Every day, Dobson sends out two tweets. One of them which says “Positive Thoughts… Positive Outcomes,” and the other, “Tgfad blessed,” which means “Thank God For Another Day.”
“Basically, just thinking positive about everything,” Dobson said on his outlook on life. “A lot of negative things happen in life so you can’t get down about it. I just try to stay positive and make something bad a positive. My parents always told me to stay positive and thank the Lord that I have another day on earth.”
Dobson’s family is a big motivator in his life and a main reason for pushing himself to reach his dream.
“They're really supportive of me,” Dobson said. “I love the game, I love competing, I love working hard. I just want to give back to them.”
Parker said that “AD is a good guy,” and commented on how he matured during his time at Marshall, learning the type of work needs to be put into being a great player.
Now Dobson is putting in more work in preparation for the NFL draft. He attended the Senior Bowl in Mobile, Alabama, having a chance to compete with some of the top seniors in the country. Currently, he is training at the IMG Academy with other college football stars such as Sheldon Richardson, Robert Alford, Robert Lester, and fellow wide receiver prospect DeAndre Hopkins. Dobson has befriended other soon-to-be NFL stars while putting in work.
“It’s great being around guys that have the same dream as you,” said Dobson. “Being around guys like that makes you work harder. I’ve made a lot of good friends down here that I think will be friends for years to come.”
Positive thoughts...Positive outcomes #DailyTweet— Aaron Dobson 3 (@AyE_DeE_3) February 19, 2013
Each day, they are up bright and early for breakfast. Then, they have a couple classes, for things such as interview preparation and mental conditioning. After that, they proceed to do movement workouts, followed by positional workouts, and this all before lunch. After lunch, they hit the weight room, and then are done for the day.
It’s a rigorous day, but one that Dobson understands he needs.
“There is always room for improvement,” Dobson said. “Working on my routes, speed, hands, everything. Always room to improve.”
The NFL is waiting just around the corner from Dobson, and it’s something that Parker believes he is ready for.
“If he stays healthy and gets in there with a good group of a wideouts, I think the sky’s the limit for him,” said Parker.
This upcoming weekend, Dobson will have the chance to continue to show NFL teams his abilities at the scouting combine.
According to Parker, there has been upwards of 90 scouts to visit Marshall in order to get a look at Dobson. The combine still means a lot to Dobson though.
“It’s exciting,” said Dobson. “Only a certain amount of people get invited to the combine. To be one of the 39 wide receivers to be invited is a blessing.

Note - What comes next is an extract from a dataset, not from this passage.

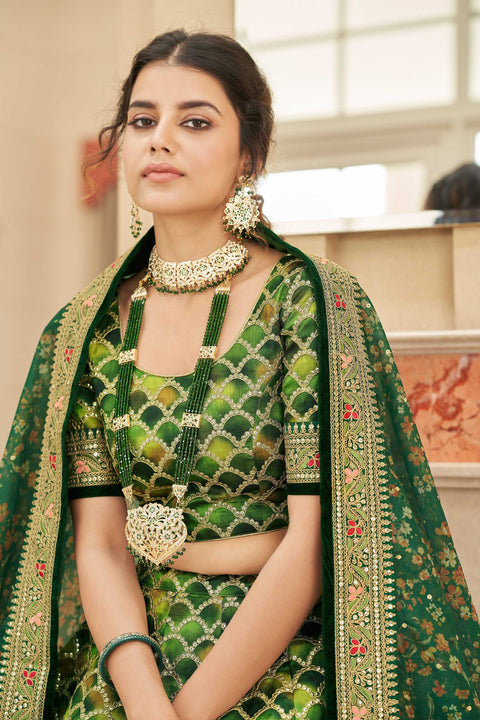 Green Traditional fancy lehenga Choli for women In Wedding with Dupatta in USA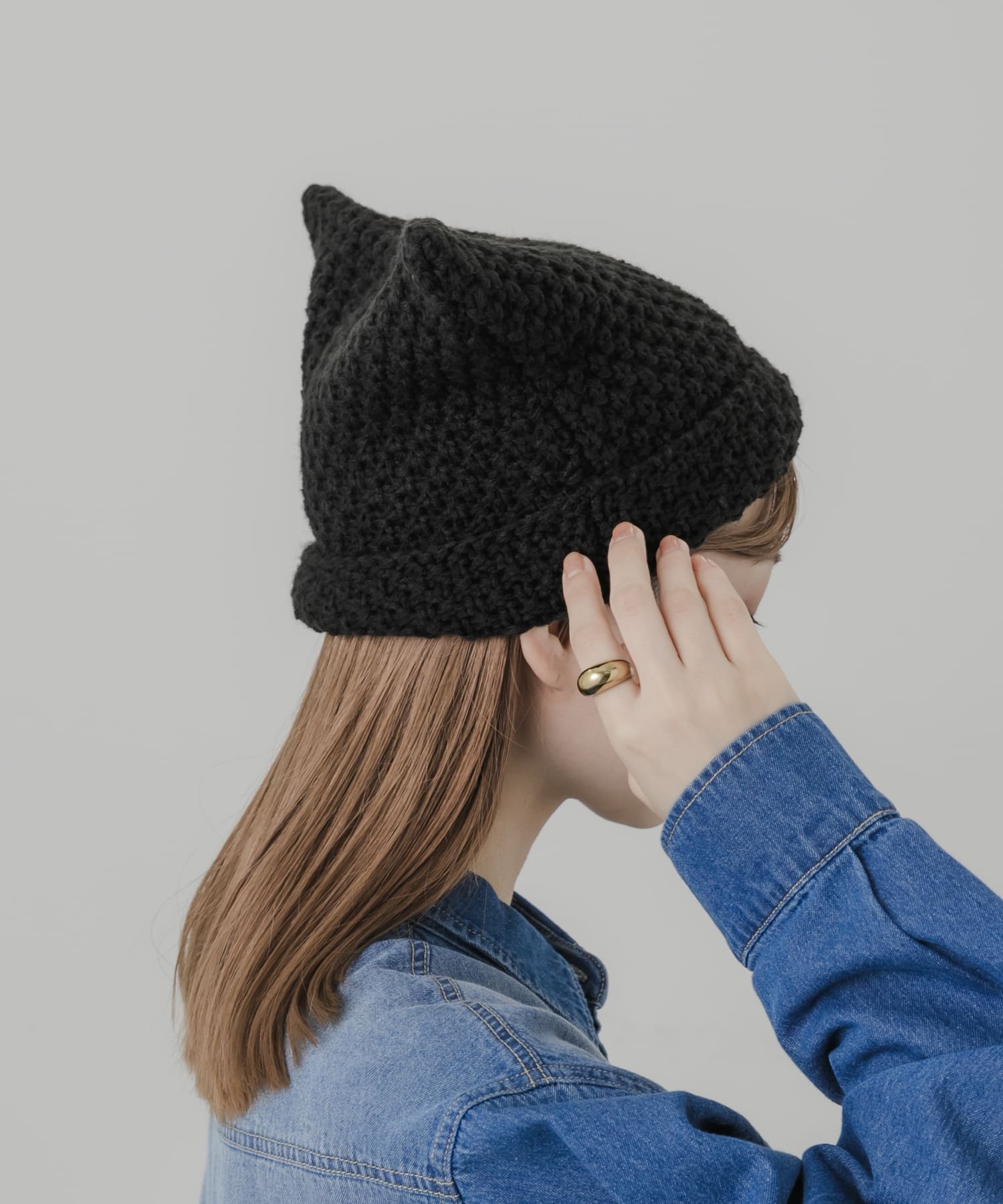 ネコミミワッチキャップ BLK -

You get to show the coaches and everybody that is watching what you can do and your abilities.”
After watching his former teammate Vinny Curry get drafted last year in the second round to the Philadelphia Eagles, saying that he was “nervous like I was getting drafted,” Dobson is ready for his own big day.
“It’s something I’ve been dreaming of since I was seven years old,” said Dobson. “To actually be in a position to where it’s coming true, it’s exciting. I can’t even really put it into words. Just thanking the man above for keeping me healthy and giving me the chance to play football at the next level.”
All quotes obtained firsthand unless otherwise noted.